Good afternoon to all,

I recently moved to the UK, from SA, and was appalled by the lack of good coffee shops. There are 2-3 in Cambridge that are worth a mention, but for the most part - disappointing. I therefore decided to buy a second hand Carisma and go on a short barista course. I have a few close friends that are roasters, back in SA, so have always been close to the coffee culture. It was not until i bought my own machine, almost a year ago, that i realised how many variables there are in producing 'Nirvana'. I restrict myself to a maximum of 3 shots per day, and have only recently started venturing onto other roasts. I figured that i should at least try to consistently deliver a great expresso, 9/10 times before changing to another bean.

The Carisma has been a great machine, in my opinion though, it could do with a larger boiler. I find that steam power for micro frothing could be found wanting if temperature is turned down a degree or two.
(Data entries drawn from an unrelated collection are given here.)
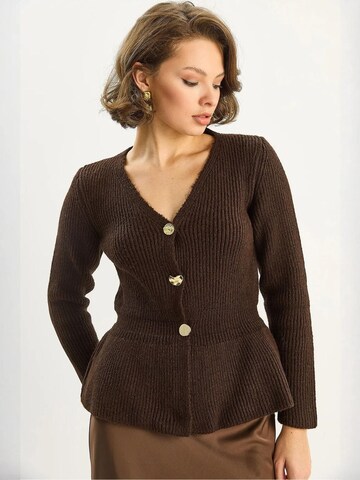 Bianco Lucci Strickjacke in Braun: Vorderseite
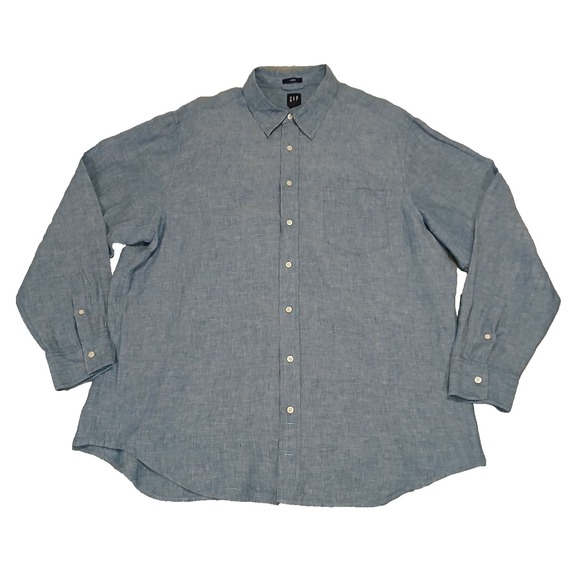 Gap Shirt Mens  Size XXL Blue Linen Pocket Button Up Lightweight Long Sleeve - Picture 1 of 10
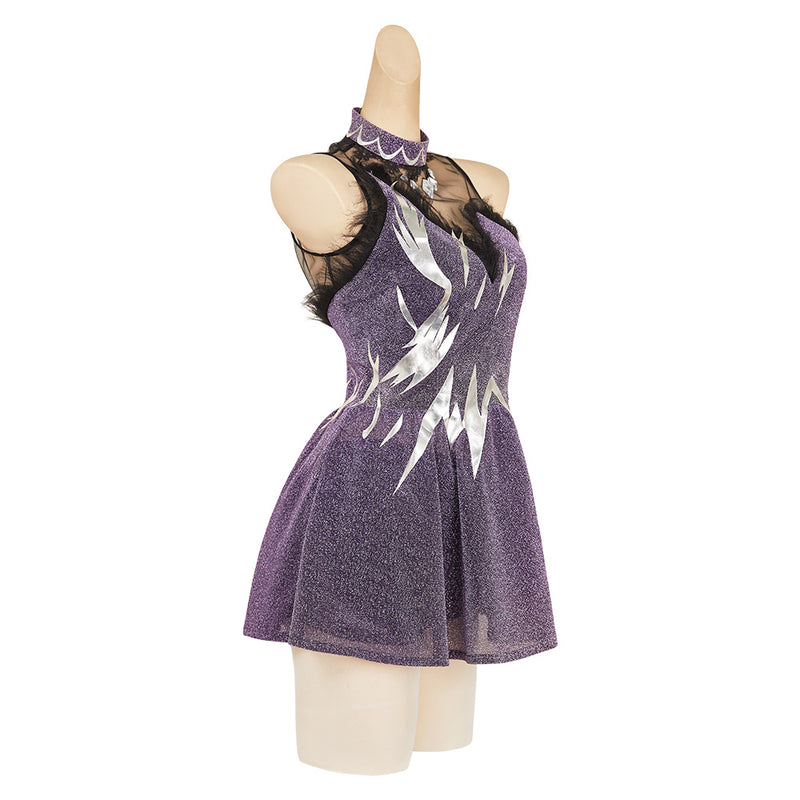 Medalist Hikaru Kamisaki Purple Dress Outfit Carnival Halloween Cosplay Costume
I've also come across a thermometer that one could add to the E61 head to ensure your group head temperature is spot on - a bit steep at £60, but i think to could be a worthy addition.

I've started having minor issues with the machine (Leaks) here and there and noticed that there's scale build up. I am convinced that the boiler needs to be cleaned. I approached a repairer down the road who wants to charge me £400 to service the boiler...... I see this as a great opportunity for me to get to know the machine and it's inner workings. Can anyone please recommend where i can get gasket sets and an anti-vac valve along with a few hoses and plastic y joints (brittle)?

I've tried a crowd in Hatfield, Mulmar, but after numerous messages and e-mail, i don't seem to be getting any response.

Regards

C


----------